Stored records

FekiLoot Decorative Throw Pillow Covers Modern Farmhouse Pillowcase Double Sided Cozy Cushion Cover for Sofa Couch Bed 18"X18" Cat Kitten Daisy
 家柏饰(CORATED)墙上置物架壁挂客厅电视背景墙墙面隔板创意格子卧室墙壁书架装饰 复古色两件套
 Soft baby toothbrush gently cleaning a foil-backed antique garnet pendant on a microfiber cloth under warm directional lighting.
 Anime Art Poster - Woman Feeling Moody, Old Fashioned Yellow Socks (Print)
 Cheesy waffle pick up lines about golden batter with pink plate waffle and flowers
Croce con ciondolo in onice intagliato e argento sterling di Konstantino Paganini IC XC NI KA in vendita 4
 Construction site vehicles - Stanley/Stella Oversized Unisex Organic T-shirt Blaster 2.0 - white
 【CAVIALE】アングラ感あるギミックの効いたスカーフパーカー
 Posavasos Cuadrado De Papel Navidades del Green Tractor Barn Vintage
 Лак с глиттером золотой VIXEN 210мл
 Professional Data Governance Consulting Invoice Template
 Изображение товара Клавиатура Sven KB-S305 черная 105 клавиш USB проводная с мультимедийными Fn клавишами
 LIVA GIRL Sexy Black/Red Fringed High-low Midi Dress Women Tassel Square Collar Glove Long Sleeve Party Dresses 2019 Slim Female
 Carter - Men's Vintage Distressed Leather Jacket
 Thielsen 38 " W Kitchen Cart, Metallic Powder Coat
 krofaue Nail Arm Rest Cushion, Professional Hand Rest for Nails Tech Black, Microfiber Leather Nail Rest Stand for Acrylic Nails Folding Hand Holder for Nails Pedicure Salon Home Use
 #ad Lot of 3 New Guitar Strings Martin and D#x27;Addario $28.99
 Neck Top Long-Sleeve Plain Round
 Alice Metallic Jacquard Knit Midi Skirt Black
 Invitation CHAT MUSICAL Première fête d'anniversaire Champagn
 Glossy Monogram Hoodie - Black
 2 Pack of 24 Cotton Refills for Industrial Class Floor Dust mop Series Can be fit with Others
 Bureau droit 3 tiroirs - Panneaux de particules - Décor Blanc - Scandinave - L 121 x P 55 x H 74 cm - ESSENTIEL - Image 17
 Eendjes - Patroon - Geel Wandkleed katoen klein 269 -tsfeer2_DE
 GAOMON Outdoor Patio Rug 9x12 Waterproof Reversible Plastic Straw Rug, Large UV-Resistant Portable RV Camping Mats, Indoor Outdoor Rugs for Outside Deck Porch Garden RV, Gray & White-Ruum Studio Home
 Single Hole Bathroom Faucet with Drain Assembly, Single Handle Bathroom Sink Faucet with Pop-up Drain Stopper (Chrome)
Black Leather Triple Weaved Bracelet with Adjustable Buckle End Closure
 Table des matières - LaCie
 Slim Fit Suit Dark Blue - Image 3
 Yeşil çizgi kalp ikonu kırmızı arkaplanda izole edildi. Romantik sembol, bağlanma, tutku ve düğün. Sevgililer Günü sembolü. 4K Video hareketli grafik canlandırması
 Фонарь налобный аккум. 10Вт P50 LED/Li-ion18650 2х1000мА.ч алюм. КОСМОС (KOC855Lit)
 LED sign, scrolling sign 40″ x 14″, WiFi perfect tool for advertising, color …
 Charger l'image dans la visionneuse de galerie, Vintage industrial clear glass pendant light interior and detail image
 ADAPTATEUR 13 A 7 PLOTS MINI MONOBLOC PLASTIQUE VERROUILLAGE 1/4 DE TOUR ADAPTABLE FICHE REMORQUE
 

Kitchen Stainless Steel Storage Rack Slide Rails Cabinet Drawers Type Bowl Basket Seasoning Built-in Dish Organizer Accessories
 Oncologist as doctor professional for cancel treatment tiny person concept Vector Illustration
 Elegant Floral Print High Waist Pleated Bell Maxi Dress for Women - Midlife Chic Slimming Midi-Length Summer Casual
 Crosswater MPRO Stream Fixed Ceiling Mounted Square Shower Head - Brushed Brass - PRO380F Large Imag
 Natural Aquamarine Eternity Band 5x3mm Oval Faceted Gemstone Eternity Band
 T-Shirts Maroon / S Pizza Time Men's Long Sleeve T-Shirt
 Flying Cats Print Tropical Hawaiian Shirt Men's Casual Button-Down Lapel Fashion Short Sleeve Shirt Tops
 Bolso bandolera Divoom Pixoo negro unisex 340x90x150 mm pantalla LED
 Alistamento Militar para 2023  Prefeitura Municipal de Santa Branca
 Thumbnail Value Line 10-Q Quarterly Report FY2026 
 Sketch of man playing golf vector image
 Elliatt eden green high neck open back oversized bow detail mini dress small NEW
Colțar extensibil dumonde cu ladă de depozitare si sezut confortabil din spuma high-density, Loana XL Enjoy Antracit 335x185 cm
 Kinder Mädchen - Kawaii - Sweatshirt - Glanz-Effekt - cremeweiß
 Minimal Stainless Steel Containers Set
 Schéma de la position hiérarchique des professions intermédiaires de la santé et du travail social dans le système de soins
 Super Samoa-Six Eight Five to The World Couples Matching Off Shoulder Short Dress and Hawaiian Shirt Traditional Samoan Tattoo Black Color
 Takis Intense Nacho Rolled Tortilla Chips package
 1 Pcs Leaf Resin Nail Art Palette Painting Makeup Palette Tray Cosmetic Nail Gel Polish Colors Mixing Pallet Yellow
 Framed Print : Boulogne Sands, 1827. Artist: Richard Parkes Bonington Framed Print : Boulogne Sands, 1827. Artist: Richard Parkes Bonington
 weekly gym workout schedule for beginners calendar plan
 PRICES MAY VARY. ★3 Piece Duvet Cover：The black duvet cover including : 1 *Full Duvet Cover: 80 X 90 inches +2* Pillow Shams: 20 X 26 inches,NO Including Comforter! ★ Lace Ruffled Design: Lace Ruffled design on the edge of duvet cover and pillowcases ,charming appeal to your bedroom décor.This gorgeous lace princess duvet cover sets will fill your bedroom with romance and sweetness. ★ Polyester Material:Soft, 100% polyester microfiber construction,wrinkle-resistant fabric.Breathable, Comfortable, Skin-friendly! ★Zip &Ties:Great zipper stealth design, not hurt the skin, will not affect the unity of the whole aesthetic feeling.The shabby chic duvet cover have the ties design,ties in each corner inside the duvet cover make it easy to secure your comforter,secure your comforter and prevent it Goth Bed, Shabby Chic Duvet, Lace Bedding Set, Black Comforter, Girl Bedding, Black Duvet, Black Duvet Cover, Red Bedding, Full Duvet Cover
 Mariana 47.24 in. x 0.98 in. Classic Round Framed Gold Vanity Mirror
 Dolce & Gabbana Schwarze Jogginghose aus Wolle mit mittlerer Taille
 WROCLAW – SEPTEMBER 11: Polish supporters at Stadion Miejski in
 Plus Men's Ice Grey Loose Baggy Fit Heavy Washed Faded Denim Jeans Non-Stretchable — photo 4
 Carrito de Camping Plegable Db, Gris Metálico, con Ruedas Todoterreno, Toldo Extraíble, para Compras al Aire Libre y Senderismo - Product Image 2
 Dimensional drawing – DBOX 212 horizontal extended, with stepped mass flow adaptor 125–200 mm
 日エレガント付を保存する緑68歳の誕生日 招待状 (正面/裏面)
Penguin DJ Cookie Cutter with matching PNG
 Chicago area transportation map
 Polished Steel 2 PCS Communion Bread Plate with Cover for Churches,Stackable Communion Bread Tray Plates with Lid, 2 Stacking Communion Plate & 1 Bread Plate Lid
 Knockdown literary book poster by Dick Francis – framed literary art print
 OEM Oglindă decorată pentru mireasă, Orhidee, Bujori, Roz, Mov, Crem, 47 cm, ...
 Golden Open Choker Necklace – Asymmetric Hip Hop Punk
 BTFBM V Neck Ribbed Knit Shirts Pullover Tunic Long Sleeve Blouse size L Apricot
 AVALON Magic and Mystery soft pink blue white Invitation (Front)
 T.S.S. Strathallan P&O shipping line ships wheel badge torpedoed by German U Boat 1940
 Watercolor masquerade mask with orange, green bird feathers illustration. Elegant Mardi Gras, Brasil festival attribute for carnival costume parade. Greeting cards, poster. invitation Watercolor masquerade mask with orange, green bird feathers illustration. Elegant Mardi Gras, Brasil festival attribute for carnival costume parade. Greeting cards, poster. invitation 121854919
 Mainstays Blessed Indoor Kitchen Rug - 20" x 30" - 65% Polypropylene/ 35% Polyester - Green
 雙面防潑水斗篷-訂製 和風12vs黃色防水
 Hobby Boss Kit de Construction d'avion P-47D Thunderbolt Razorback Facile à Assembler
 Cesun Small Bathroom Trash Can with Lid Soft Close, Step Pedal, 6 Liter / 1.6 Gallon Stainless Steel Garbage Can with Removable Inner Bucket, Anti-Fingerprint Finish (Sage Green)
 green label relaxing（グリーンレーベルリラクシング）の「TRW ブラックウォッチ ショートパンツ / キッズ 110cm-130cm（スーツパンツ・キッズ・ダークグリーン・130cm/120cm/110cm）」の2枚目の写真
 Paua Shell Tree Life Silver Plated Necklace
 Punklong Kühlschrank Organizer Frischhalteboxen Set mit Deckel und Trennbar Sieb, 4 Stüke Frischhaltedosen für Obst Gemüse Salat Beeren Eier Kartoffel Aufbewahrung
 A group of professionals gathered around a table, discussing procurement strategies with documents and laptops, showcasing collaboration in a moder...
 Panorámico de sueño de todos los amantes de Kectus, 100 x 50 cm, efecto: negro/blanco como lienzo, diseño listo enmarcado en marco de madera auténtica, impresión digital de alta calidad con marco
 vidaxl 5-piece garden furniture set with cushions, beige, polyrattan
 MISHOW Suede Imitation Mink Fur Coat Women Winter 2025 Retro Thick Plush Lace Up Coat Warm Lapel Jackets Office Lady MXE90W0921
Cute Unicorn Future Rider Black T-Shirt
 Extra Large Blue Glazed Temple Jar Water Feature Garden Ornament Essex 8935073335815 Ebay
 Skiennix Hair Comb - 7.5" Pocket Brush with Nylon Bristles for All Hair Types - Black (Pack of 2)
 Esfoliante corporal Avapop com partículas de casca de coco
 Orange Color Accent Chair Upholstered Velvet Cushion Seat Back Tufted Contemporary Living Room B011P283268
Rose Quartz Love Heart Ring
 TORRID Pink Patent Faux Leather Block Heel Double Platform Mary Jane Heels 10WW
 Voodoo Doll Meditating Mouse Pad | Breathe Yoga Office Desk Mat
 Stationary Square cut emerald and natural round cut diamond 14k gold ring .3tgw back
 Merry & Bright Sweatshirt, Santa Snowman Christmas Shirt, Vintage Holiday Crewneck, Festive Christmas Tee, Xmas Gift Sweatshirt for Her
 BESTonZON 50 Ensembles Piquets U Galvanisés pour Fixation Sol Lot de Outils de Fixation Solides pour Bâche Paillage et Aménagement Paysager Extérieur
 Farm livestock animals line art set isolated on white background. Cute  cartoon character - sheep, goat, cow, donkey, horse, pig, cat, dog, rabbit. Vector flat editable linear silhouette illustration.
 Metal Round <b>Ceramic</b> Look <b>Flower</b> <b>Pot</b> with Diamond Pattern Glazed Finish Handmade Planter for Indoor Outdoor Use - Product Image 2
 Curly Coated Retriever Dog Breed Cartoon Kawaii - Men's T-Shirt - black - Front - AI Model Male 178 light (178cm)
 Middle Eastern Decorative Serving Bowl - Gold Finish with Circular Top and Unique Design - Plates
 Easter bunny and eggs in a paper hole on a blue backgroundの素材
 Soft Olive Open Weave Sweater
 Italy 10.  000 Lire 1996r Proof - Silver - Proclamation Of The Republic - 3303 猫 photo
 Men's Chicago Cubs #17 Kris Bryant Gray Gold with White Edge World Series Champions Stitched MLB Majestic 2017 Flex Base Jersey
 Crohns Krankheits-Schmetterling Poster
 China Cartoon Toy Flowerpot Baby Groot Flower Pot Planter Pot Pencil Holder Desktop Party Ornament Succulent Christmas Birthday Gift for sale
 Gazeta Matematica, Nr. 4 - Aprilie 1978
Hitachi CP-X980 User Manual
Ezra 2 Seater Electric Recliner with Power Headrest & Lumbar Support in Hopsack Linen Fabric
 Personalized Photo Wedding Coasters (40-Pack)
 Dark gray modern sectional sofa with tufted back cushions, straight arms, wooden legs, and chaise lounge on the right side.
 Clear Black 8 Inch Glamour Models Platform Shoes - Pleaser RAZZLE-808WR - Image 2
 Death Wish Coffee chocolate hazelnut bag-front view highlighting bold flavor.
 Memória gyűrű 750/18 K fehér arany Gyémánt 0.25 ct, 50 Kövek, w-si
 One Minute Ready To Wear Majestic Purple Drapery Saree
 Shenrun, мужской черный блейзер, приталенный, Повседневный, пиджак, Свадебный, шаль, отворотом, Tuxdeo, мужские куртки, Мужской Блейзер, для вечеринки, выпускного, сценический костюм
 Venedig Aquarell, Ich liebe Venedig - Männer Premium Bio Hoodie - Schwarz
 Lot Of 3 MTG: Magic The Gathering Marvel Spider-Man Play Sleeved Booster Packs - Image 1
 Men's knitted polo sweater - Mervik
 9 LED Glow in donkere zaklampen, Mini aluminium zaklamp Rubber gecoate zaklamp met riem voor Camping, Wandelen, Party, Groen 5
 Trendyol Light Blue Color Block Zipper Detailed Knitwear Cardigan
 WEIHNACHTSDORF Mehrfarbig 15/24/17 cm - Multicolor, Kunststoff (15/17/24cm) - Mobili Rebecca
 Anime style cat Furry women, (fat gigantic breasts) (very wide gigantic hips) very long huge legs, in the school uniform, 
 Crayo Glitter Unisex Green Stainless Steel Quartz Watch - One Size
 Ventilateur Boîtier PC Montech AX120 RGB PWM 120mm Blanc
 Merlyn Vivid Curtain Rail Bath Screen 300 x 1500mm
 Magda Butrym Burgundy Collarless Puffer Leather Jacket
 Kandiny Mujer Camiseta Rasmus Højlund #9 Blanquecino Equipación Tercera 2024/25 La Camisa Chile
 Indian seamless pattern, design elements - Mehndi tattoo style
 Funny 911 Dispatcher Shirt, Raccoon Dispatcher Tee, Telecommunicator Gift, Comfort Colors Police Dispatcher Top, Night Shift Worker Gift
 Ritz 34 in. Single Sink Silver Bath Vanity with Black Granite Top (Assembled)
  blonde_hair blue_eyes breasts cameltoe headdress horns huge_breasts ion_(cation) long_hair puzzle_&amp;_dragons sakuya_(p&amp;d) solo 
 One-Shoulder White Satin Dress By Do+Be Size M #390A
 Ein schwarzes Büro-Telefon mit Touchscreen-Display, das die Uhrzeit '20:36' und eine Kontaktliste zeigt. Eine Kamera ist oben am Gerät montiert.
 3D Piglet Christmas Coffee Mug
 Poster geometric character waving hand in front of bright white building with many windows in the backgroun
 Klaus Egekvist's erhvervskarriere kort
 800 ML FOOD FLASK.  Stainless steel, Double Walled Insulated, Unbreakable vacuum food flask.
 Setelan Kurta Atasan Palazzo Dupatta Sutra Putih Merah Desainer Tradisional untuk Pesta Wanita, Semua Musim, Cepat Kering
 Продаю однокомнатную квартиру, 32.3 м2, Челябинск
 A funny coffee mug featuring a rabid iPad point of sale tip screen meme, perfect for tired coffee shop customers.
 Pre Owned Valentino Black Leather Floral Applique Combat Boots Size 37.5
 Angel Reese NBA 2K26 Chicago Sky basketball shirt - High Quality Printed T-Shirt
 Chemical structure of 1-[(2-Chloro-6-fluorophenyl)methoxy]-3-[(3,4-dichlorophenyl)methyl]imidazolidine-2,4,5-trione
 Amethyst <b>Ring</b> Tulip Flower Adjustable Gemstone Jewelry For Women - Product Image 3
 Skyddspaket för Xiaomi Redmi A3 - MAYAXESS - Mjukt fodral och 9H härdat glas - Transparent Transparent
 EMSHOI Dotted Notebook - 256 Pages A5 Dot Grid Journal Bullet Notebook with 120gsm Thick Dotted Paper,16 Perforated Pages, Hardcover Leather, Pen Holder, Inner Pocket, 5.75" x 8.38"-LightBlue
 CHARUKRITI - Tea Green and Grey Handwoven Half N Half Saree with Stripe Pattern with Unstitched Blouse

## What to do:
Using the records above, set down exactly the lines from the one with "krofaue Nail Arm" through the one with "Eendjes - Patroon", inclusive, and nothing more.

## Answer to this task:
 krofaue Nail Arm Rest Cushion, Professional Hand Rest for Nails Tech Black, Microfiber Leather Nail Rest Stand for Acrylic Nails Folding Hand Holder for Nails Pedicure Salon Home Use
 #ad Lot of 3 New Guitar Strings Martin and D#x27;Addario $28.99
 Neck Top Long-Sleeve Plain Round
 Alice Metallic Jacquard Knit Midi Skirt Black
 Invitation CHAT MUSICAL Première fête d'anniversaire Champagn
 Glossy Monogram Hoodie - Black
 2 Pack of 24 Cotton Refills for Industrial Class Floor Dust mop Series Can be fit with Others
 Bureau droit 3 tiroirs - Panneaux de particules - Décor Blanc - Scandinave - L 121 x P 55 x H 74 cm - ESSENTIEL - Image 17
 Eendjes - Patroon - Geel Wandkleed katoen klein 269 -tsfeer2_DE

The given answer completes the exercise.